● **EXERCISE DIRECTIONS**
Excluding every picture, print exactly the lines from the one containing "commercial hvac" through the end of the material below, both ends included.

● **THE INPUT**
☆ ☆ ☆ ☆ ☆ ☆ ☆
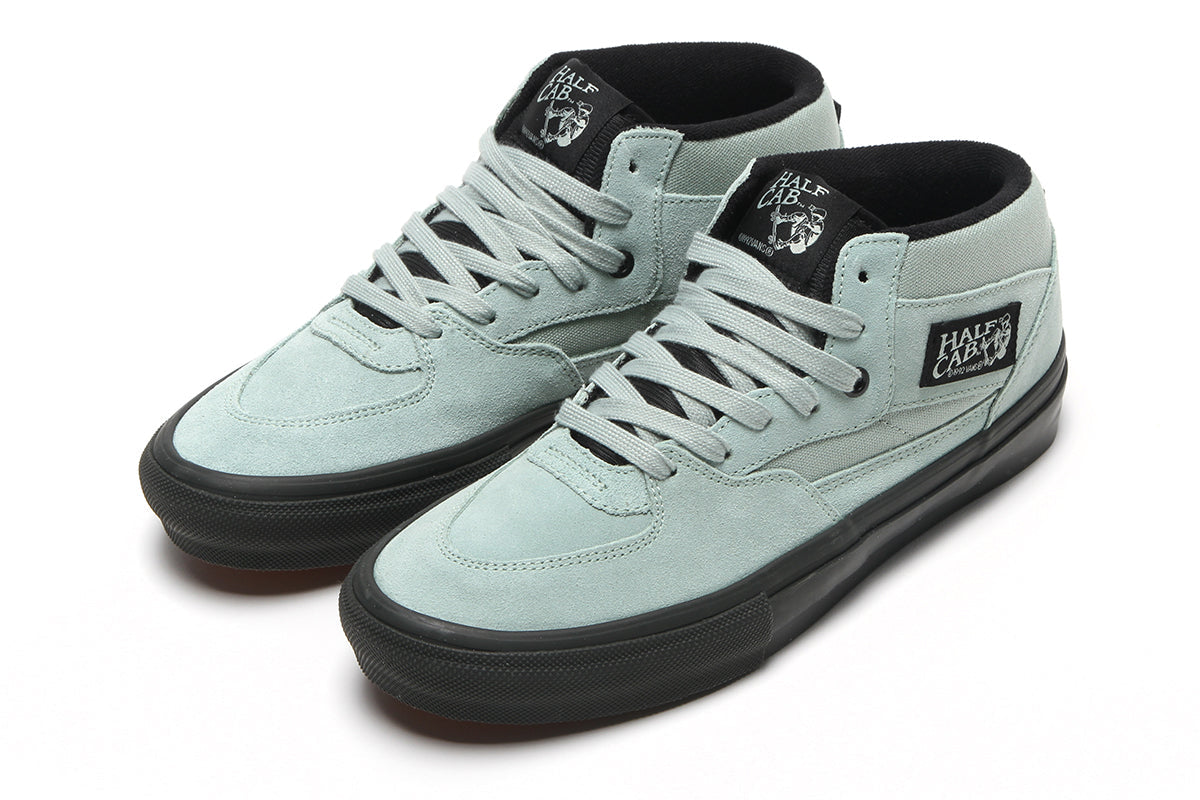 Skate Half Cab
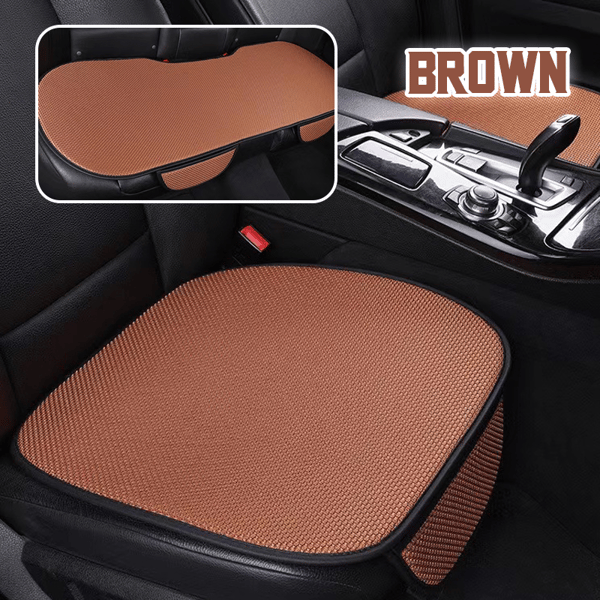 LuxRide Covers – Atmungsaktive & Rutschfeste Sitzbezüge!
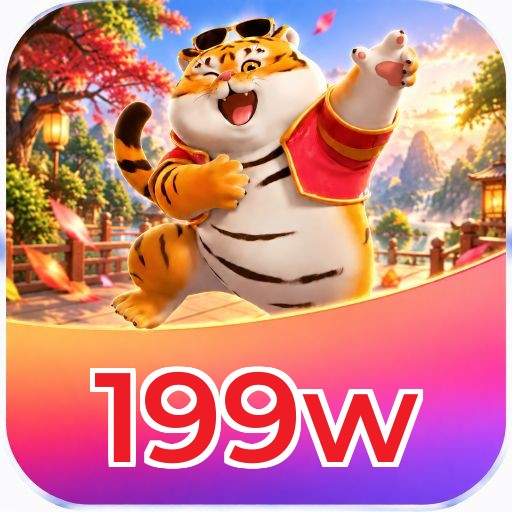 Logo 199w APP Mobile Brasil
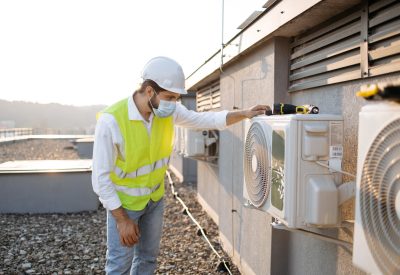 commercial hvac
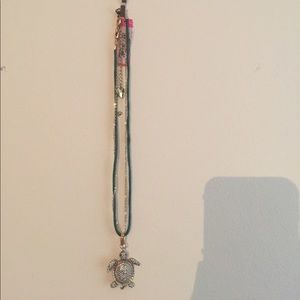 Betsey Johnson Necklace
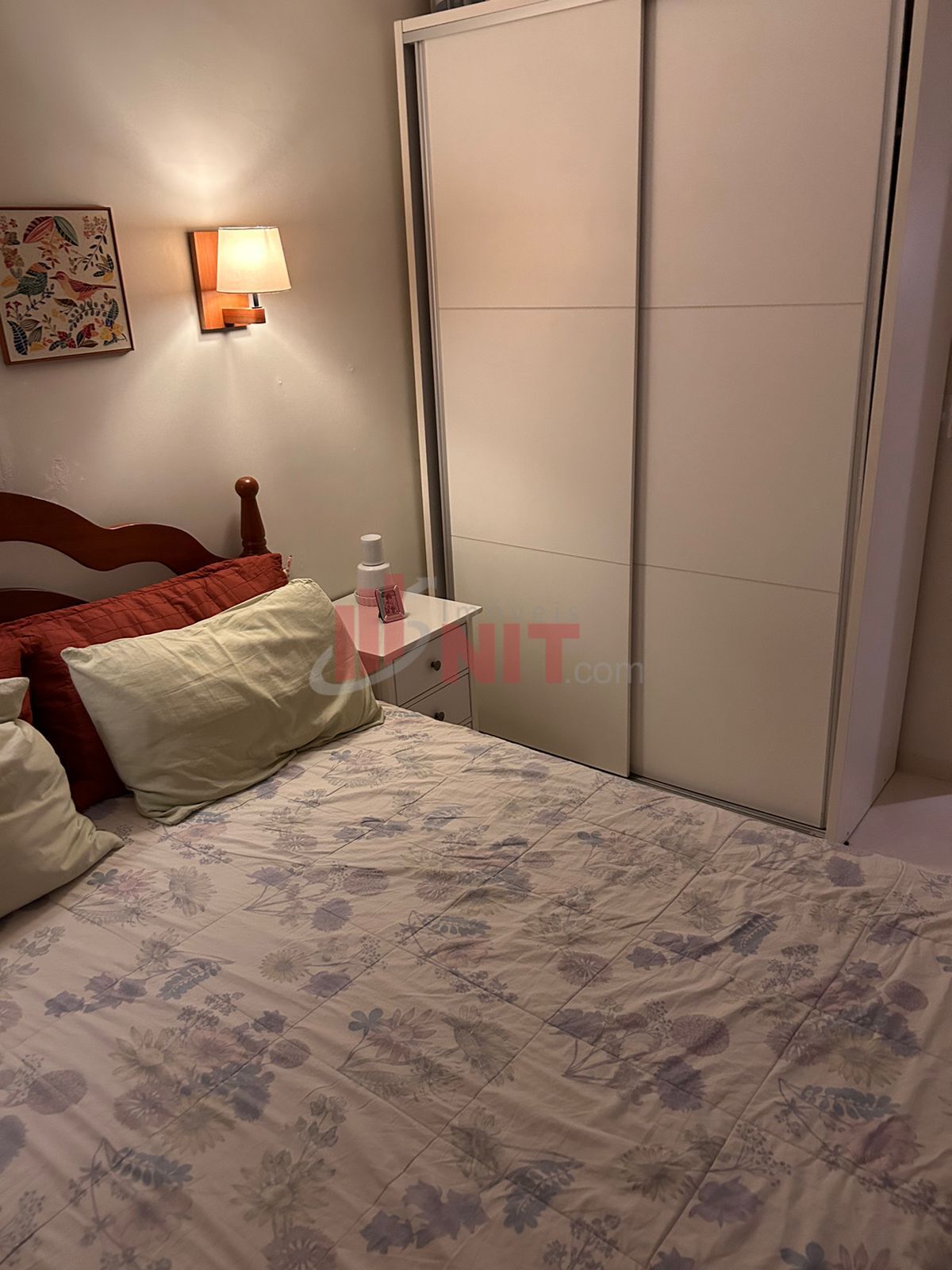 Apartamento à venda com 2 quartos, 60m² - Foto 8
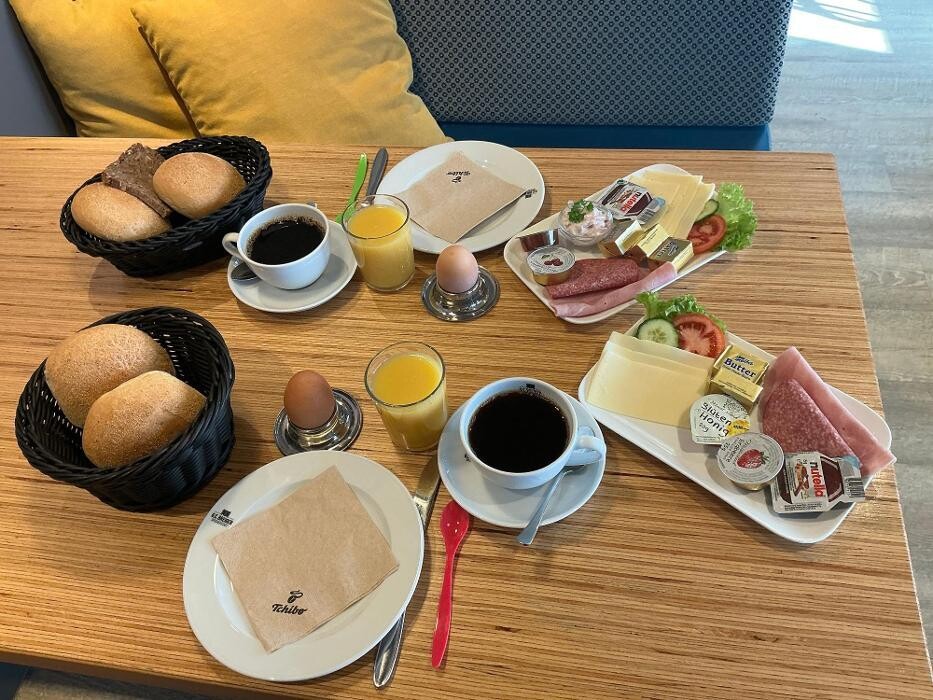 Bilder Bäckerei und Konditorei Wittorf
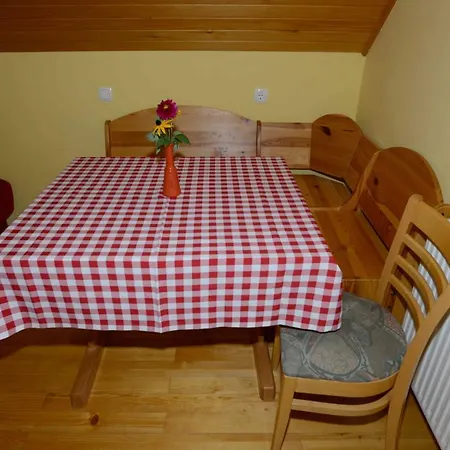 House Koprivnik Zreče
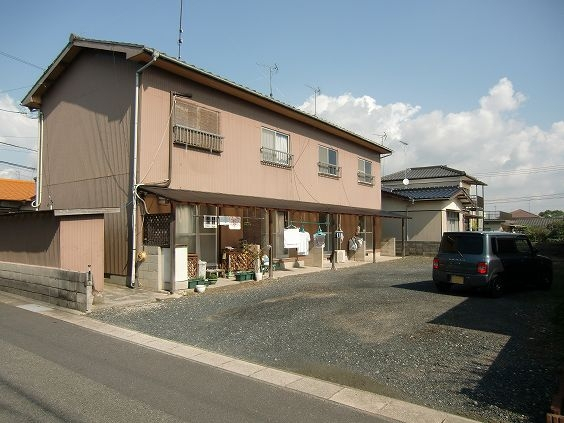 外観図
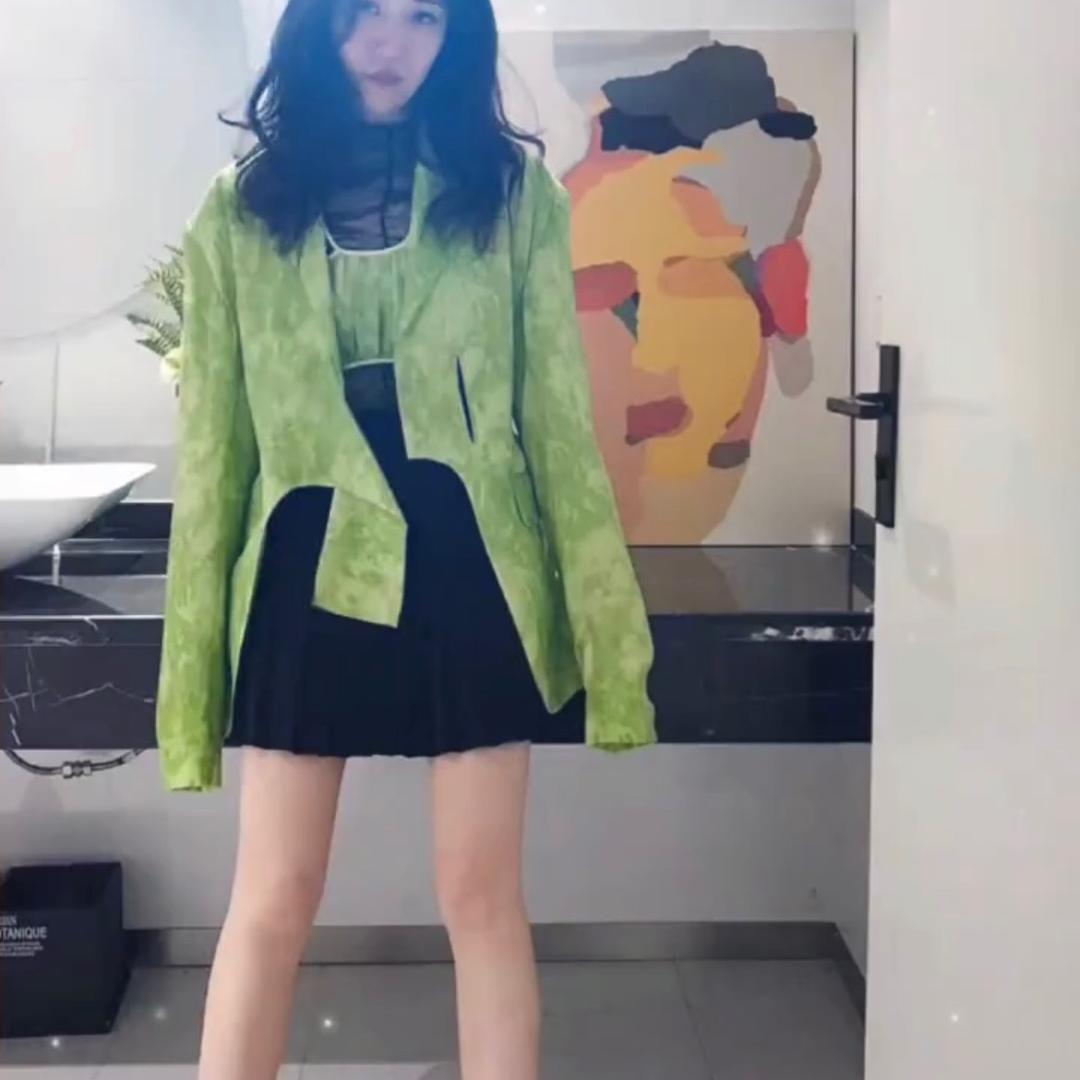 千尘不染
☆ ☆ ☆ ☆ ☆ ☆ ☆
● **OUTPUT OF THE EXERCISE**
 commercial hvac
 Betsey Johnson Necklace
 Apartamento à venda com 2 quartos, 60m² - Foto 8
 Bilder Bäckerei und Konditorei Wittorf
 House Koprivnik Zreče
 外観図
 千尘不染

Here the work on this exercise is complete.